1. 統計がないことと証拠がないことの混同

A:カラスの大半が黒く、白いカラスは稀である。

B:Aの主張を裏付ける統計はない。故にAの主張は嘘である。


 直前で「詭弁屋は統計を使う」と書いておいていきなり矛盾することを言うようだが、彼らの主張の中で最も多いのがこの手のものである。つまり、統計が存在しないことを証拠がないことと混同するという詭弁である。
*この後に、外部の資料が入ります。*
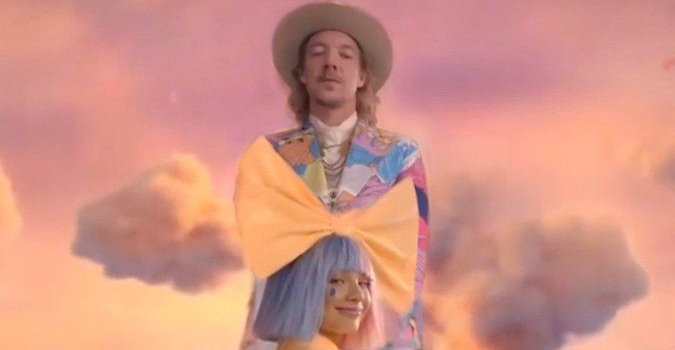 675x1200 Sia Furler Photos on Twitter:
 もちろん、統計だけがエビデンスではない。例えば上の事例では、わざわざ黒いカラスをカウントせずとも、カラスのDNAなどから、通常カラスが黒い体毛を持つことなどがわかるだろう(多分ね。生物学者じゃないから知らないが)。だが、彼らは数字を神格化するあまり、それがなければ証拠が存在しないかのように扱いがちである。


A:女性は就職活動においてセクハラを経験していることが多い。

B:Aの主張を裏付ける統計はない。故に嘘だ。


 この詭弁は、上の例のように、特に差別問題といった、マジョリティに関心がない問題を扱うときに威力を発揮する。というのも、信頼性のある統計データをまとめるにはそれ相応の資源が必要であり、その資源をどうやって使うかを決めているのはほかでもないマジョリティであるからだ。組織のトップの大半が男性であることを考えれば、女性問題の理解に役立つ統計がとられにくいことも理解できよう。


 こうして、マジョリティが興味を持たない分野の統計は取られにくくなる。そして詭弁屋は、その状況を利用して差別が存在しないかのように振る舞うのである。


 また、扱う問題によってはそもそも統計的なデータを収集しがたい場合もある。例えば、痴漢冤罪がどれほどあるかという統計はまず収集不能であろう。犯人に聞けば絶対に冤罪だというし、被害者は自分が被害を受けたことは確信を持っているだろうが、「誰がそれをしたか」まではなかなか証明できないからである。冤罪の性質を考えれば、裁判の結果を用いて冤罪の件数を云々するのは愚か極まる。


 この詭弁を打破するためには、統計以外の証拠を持ち出す必要がある。だが、詭弁屋は次節で述べる詭弁―統計の神格化を組み合わせることで、統計以外のエビデンスの価値を無にしようとする。


 そのため、重要なのは、そもそもマジョリティが興味を持たない、あるいは「些細である」と軽視しがちな問題において、マイノリティが問題提起をしているにもかかわらず「統計がないから問題が存在しない」という態度をとること自体が不誠実であると明示することだ。つまり、証拠の有無ではなく、相手の態度に問題を変えるというのは1つの手である。


 もっとも、詭弁屋は不勉強と相場が決まっているから、彼らが「統計がない」と言っても信じてはいけない。どこかからひょっこり出てくることも往々にしてある。